Orca Exploration Group Inc., the BVI-registered international public company engaged in natural gas exploration, development and supply in Tanzania, announced its intention to start a Normal Course Issuer Bid for the purchase of its Class B subordinate voting shares. The Bid is subject to the approval of the TSX Venture Exchange, and will come into effect from June 14, 2019 to June 14, 2020.
Purchases made pursuant to the Bid will not exceed 1,000,000 shares, which represent approximately 3 per cent of the total outstanding class B shares. Purchases pursuant to the Bid will be made by Mackie Research Capital Corporation, under the terms of the automatic purchase plan which allows Mackie to repurchase shares under the Bid during the Corporation’s self-imposed blackout periods.
The automatic share purchase plan will be implemented for a 12 month term from June 14, 2019, and is subject to earlier termination by Orca Exploration.
Chaarat Gold Holdings Limited announced resolutions passed at the General Meeting held on 26 April 2019, according to which the company decided to extend the previously announced Capital Raising.
The BVI-registered gold mining company confirmed that to date gross proceeds made approximately US$1.34mln, from the issue of 3,433,897 new ordinary shares of USD 0.01 each at 30p per New Ordinary Share in the Placing. Also, there is the commitment to subscribe for US$10mln of Convertible Bonds which the company has already secured, as announced on 1 April 2019. The company expects to receive the subscription proceeds for the Convertible Bonds by 31 May 2019.
Admission of the New Ordinary Shares, which was applied for on the London Stock Exchange, is expected to be effective on 2 May 2019. Chaarat Gold Holdings received indication of additional demand for the Capital Raising., so it was decided to extend the closing date of the Placing and the Convertible Bond issue from 26 April 2019 to 3 May 2019.

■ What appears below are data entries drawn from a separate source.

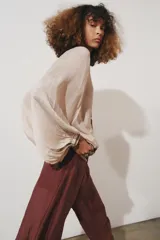 Blusa color beige confeccionada en viscosa, con cuello redondo y escote pico. Tiene mangas largas con puños y detalle de bordados con aplicación de abalorios en cuello, puños y ruedo. Diseño cruzado con fajín.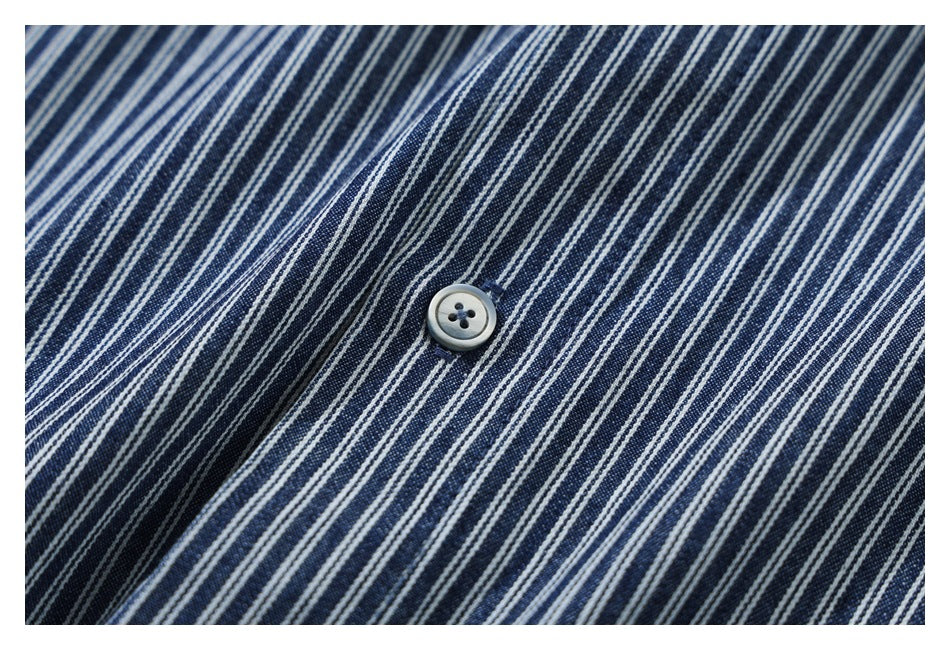 Close-up of a gray button on dark blue fabric with narrow white stripes.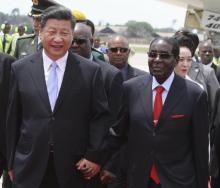 Chinese President Xi Jinping walks with Zimbabwean President Robert Mugabe on arrival for a state visit in Harare, Zimbabwe, December 1, 2015. PHOTO BY REUTERS/Philimon Bulawayo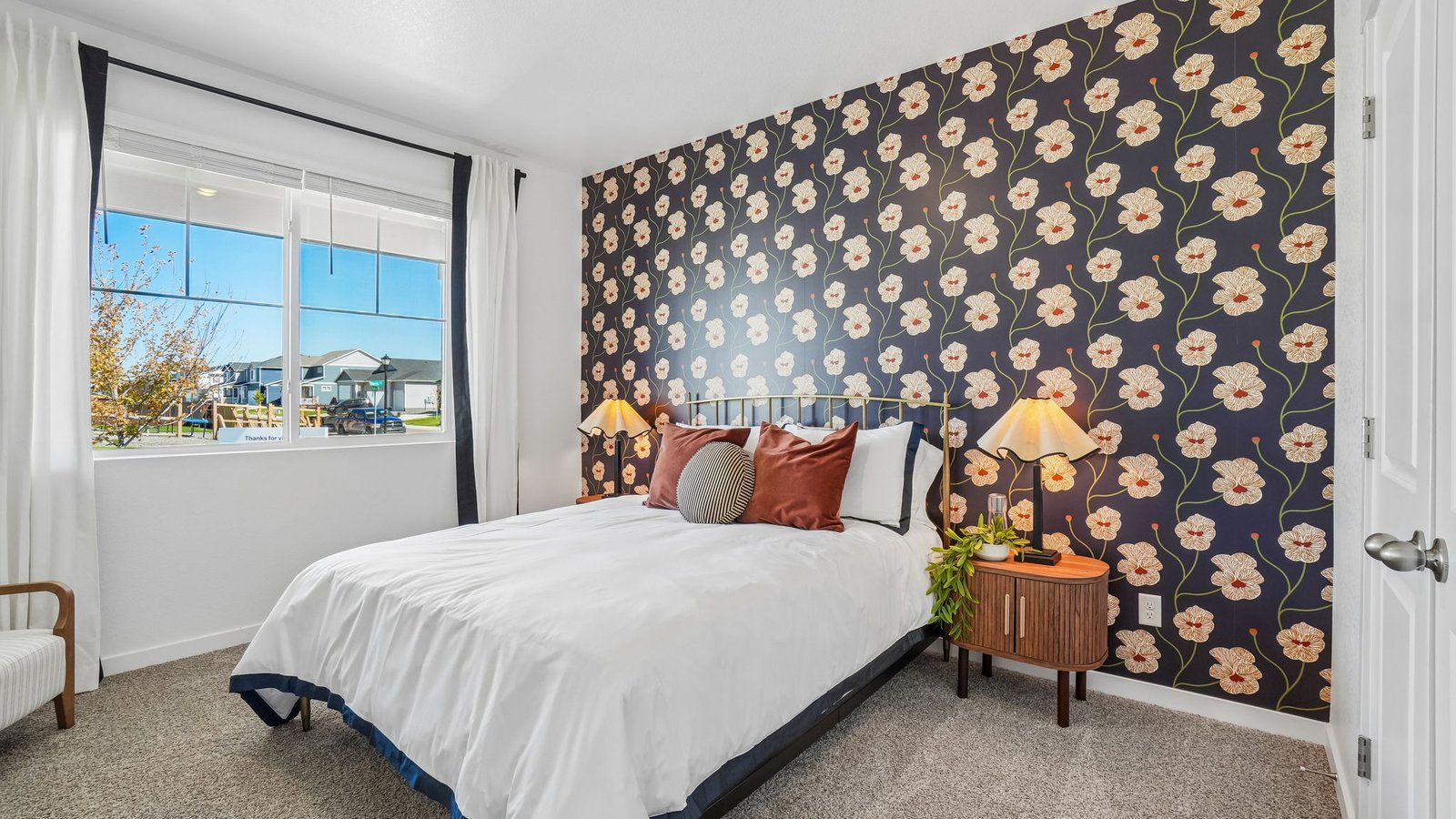Convenient main-level bedroom perfect for guests, multigenerational living, or a home office.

Following the announcement made on 1 April 2019, the Company decided to increase the size of the Placing due to the demand from one of the leading global institutional investors.
Luxoft Holding has announced its results for the fiscal third quarter of 2019, including a small year-over-year decline. BVI company’s performance is very much influenced by the planned acquisition by IT services and solutions provider DXC Technology. However, the US$2 billion acquisition deal is still subject to regulatory approval.
For the three months ended December 31, 2018, Luxoft’s revenue was near the low end of Luxoft’s autumn guidance, which named the range of US$230 million to US$235 million. Luxoft’s net income arrived at US$0.61 per share, down from US$0.89 in the same period last year. Adjusted EBITDA was US$32.6mln – a 18.5% decline as compared to the previous year period.
Top two accounts of Luxoft, UBS and Deutsche Bank, represented 24.9% of total revenue, down 9.5% from the same period last year. Top five accounts of the BVI company made 39% of revenue, down 7% from a year ago, and its top 10 accounts were 50.9% of revenue (down 6.3%).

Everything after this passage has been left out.